(Task item) Copy, please, the line with "Arny's Paris Silk-Wool-Cashmere" and each line that follows it through the end of the data below, exactly as given and without pictures.

(Saved data entries)
▬▬▬

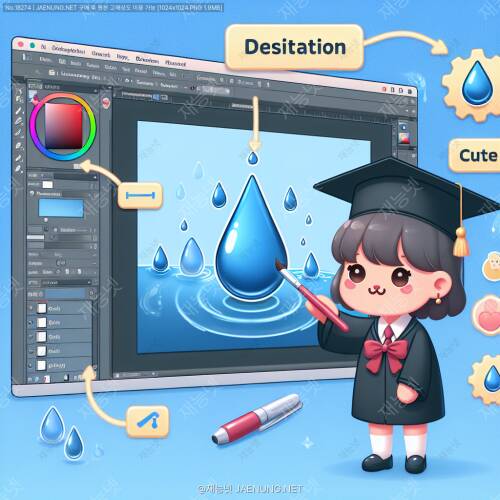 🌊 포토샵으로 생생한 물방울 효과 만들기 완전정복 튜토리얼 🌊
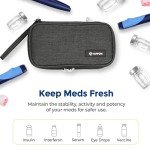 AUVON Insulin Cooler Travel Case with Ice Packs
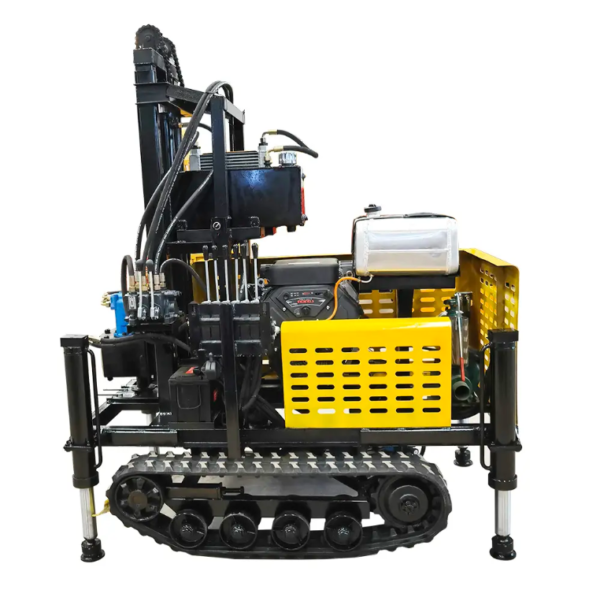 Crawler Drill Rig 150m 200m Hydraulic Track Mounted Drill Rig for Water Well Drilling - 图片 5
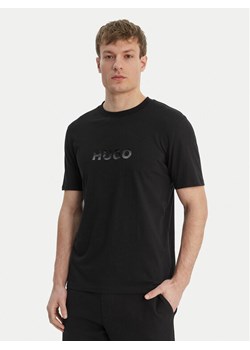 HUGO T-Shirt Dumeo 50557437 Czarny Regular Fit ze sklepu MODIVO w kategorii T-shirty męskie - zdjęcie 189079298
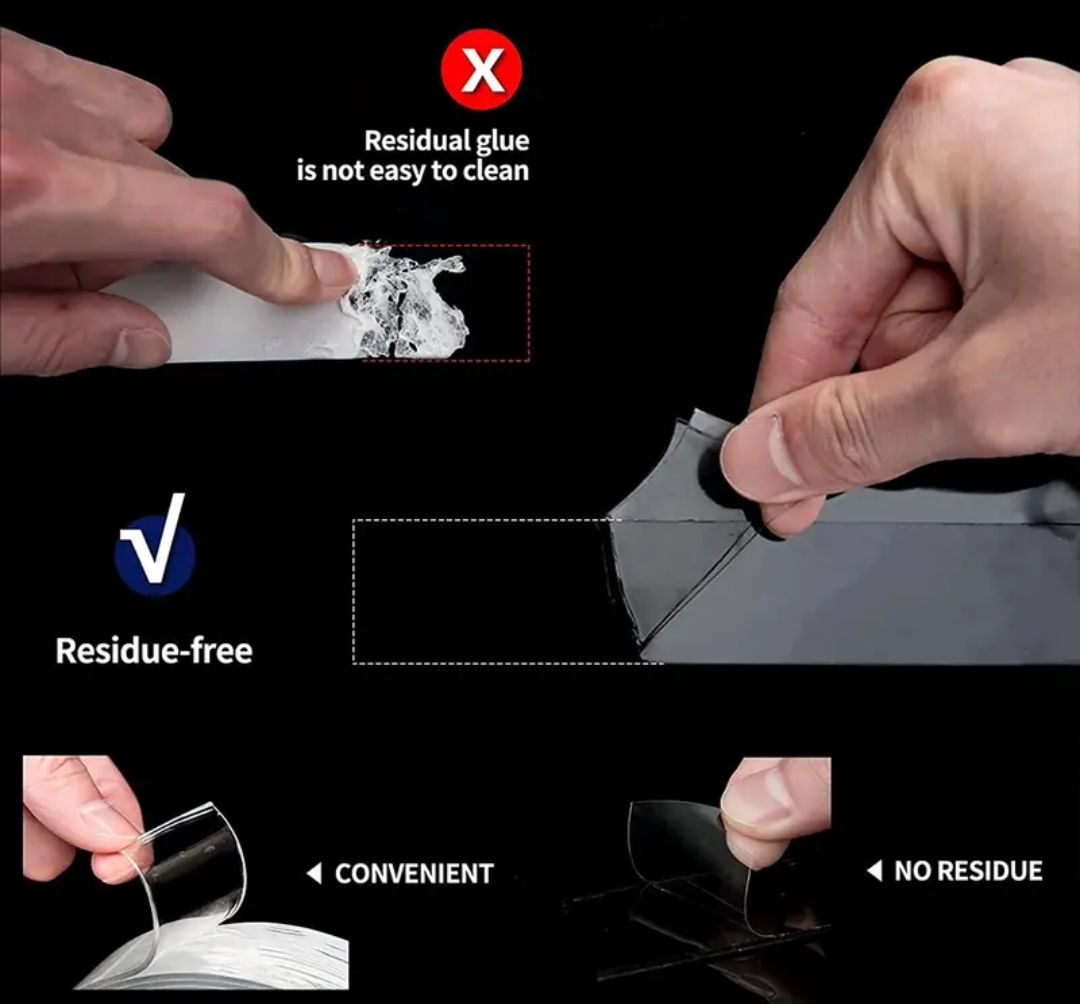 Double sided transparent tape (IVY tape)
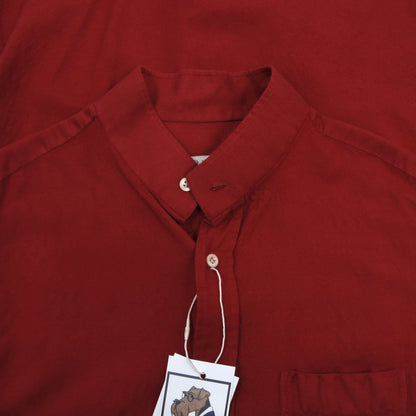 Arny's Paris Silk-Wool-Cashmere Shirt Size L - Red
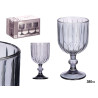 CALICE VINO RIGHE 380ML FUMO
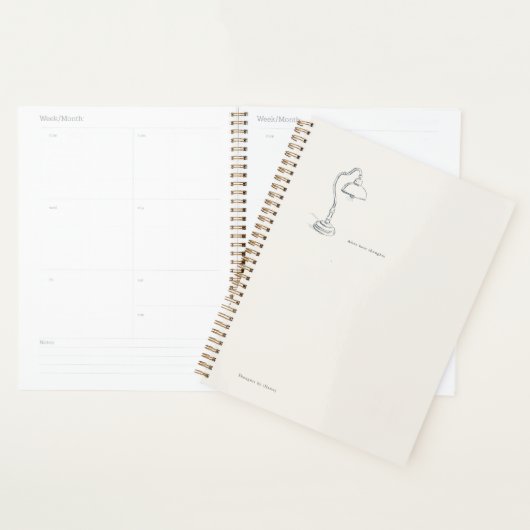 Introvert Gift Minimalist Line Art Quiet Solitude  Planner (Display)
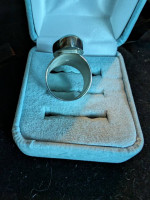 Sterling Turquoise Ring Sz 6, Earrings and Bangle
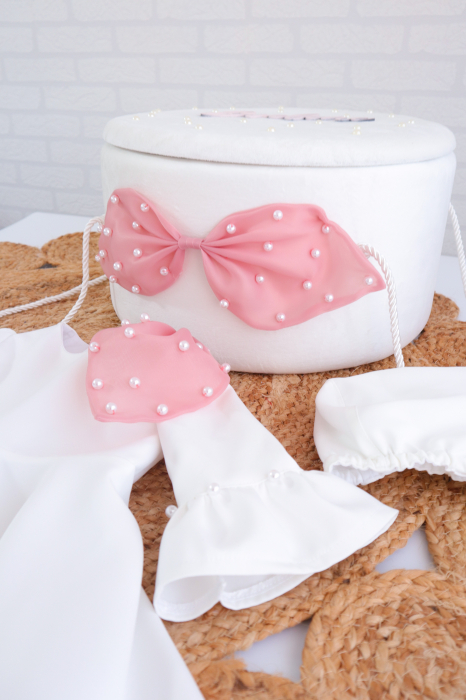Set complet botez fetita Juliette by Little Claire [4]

▬▬▬

(Answer to this task)
 Arny's Paris Silk-Wool-Cashmere Shirt Size L - Red
 CALICE VINO RIGHE 380ML FUMO
 Introvert Gift Minimalist Line Art Quiet Solitude  Planner (Display)
 Sterling Turquoise Ring Sz 6, Earrings and Bangle
Set complet botez fetita Juliette by Little Claire [4]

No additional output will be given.